Darling, Michael wrote:
> Am I right in thinking that, if you are using a separate thread to
> perform a process it should not call any code in the main thread?

It cannot call code in another thread. Function calls are always within 
the same thread. (That's part of what distinguishes one thread from 
another -- what context functions run in.)

A thread can send a message to a window that belongs to another thread. 
In that case, the sending thread will wait for the receiving thread to 
handle the message and return a result.

> I have a situation where a process is consuming a lot of time so have
> moved it into its own thread, however the problem is that the process
> requires a lot of the variables held on a datamodule attached to the
> main form. Some are plain variables others are calculated properties but
> all are static in that they are determined when the application starts
> and then do not change.
> 
> The question I have is, if I refer to the variables on the main form am
> I then tying the thread back into the main thread, thus removing any
> potential gain? I have only really played with threading in the past so
> don't have an instinctive feel for it yet. Also would the answer be
> different if just accessing say integers as opposed to calculated
> properties?

Variables are just memory locations. They don't belong to any threads.

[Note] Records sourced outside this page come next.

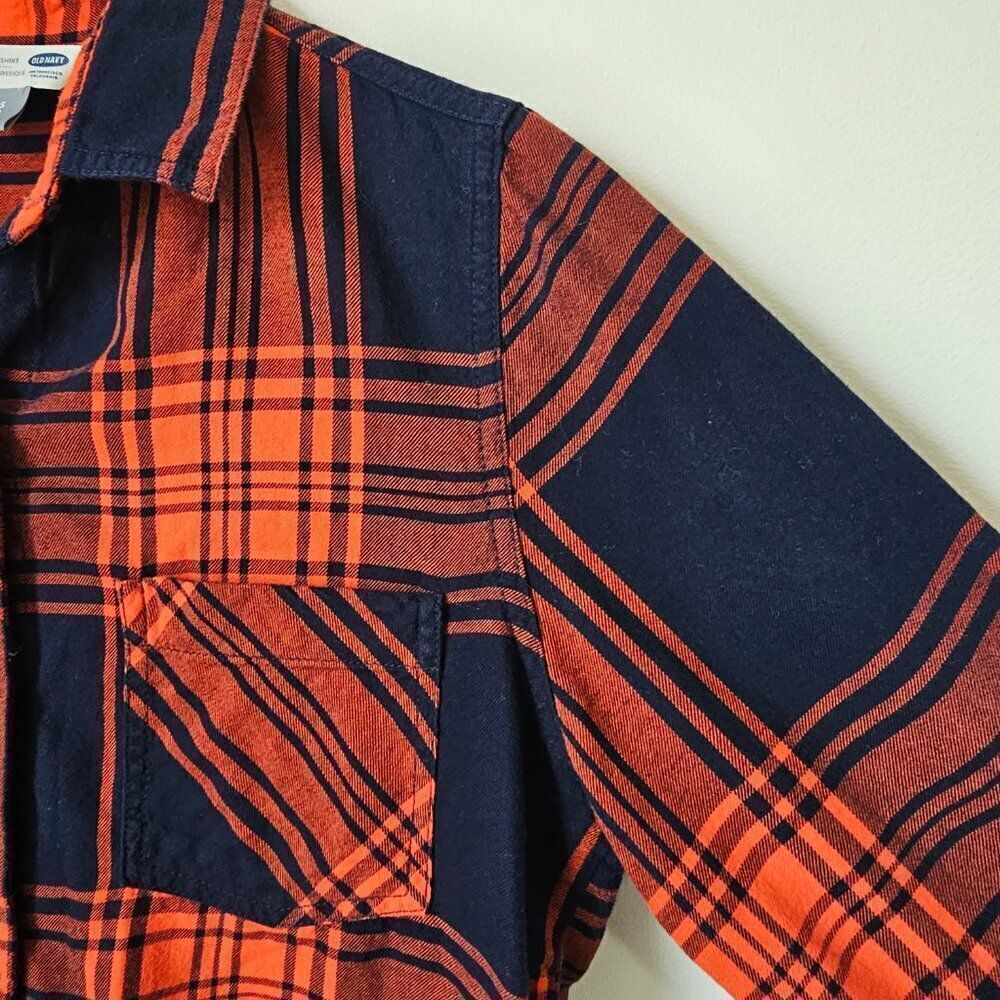 EUC OLD NAVY PLAID THE CLASSIC SHIRT BUTTON DOWN SIZE SMALL WOMENS - Picture 4 of 14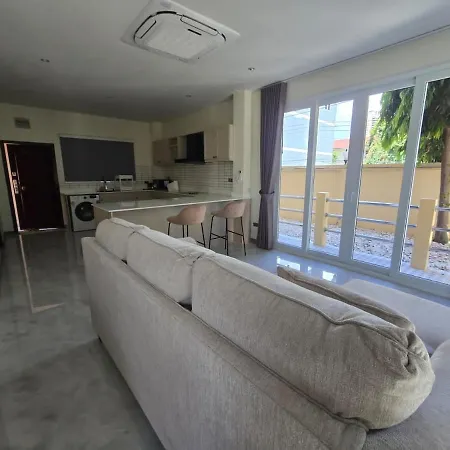 Moonlight Pratumnak Soi 6 Apartment Pattaya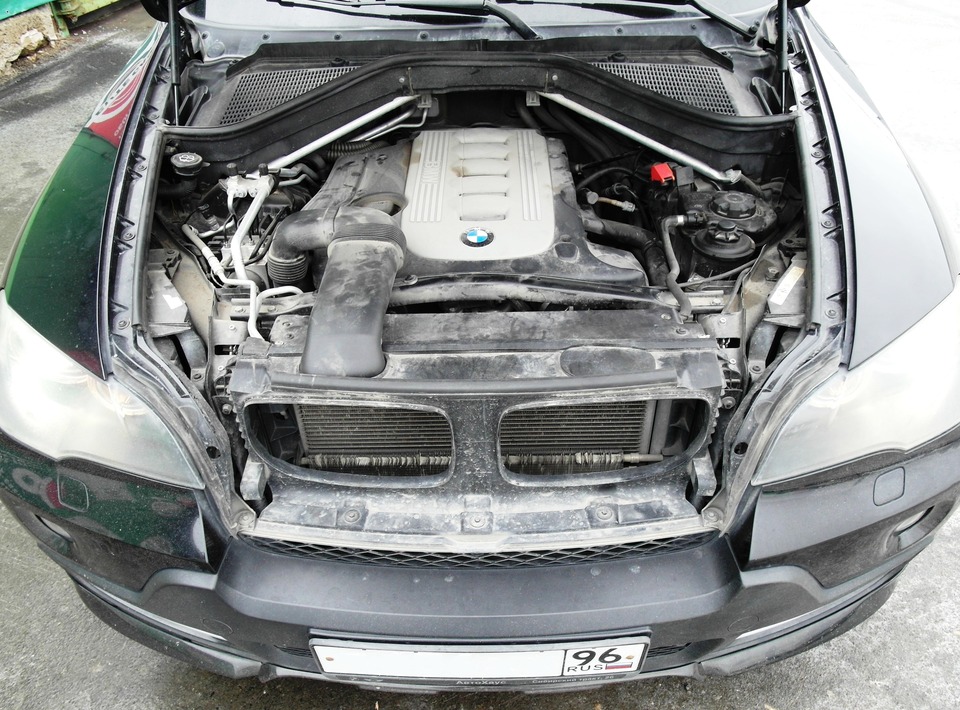 Подкапотная компоновка BMW X5 E70, Eberspacher Hydronic S3 D4Е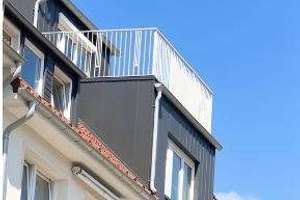 ++OASE IN NIPPES -  BESTE LAGE  - 2 - ZIMMER - WOHNUNG  MIT SONNENTERRASSE - MODERNISIERT++
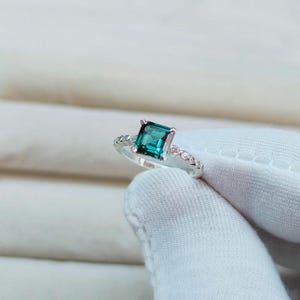 Teal sapphire ring, square cut Teal sapphire ring,925 Sterling Silver ring, Sapphire engagement ring,lab grown Teal sapphire hand made ring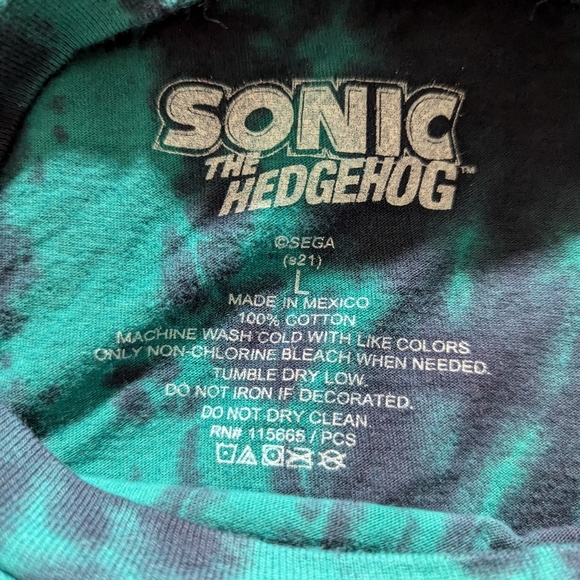 Sonic the Hedgehog T Shirt - Picture 2 of 2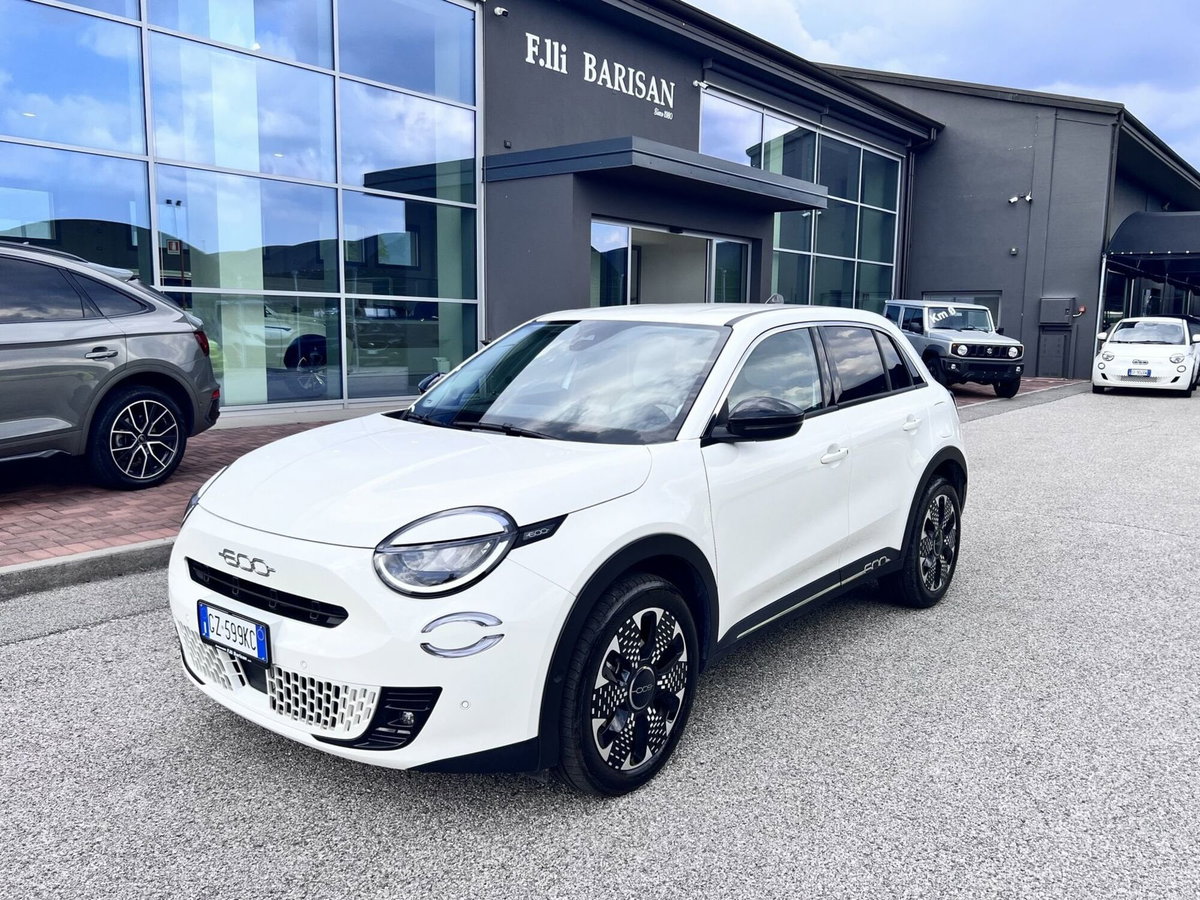 Fiat 600 1.2 hybrid La Prima 110cv auto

Two threads reading from the same memory location simultaneously is 
safe. The unsafe thing is when you have one thread writing to a memory 
location and another thread reading or writing to that same location. 
Then you have a race condition and might end up with corrupted data. 
Protect against that situation with some form of synchronization. A 
critical section is a common technique.

Another technique is to simply make sure that you don't have any other 
threads active at the time you write to the variables you intend to 
share among multiple threads. That sounds like what you're doing. You're 
assigning values to all your data module's fields, and only after that 
do you initiate any other threads.

Functions are just memory, too. A function doesn't belong to a thread. 
Multiple threads can all call the same function at the same time without 
any inherent danger. The only danger comes if those functions try to 
access write to the same memory locations. But each invocation of the 
function gets its own local variables on its own stack. Each thread has 
its own private stack.

A calculated property is just a function.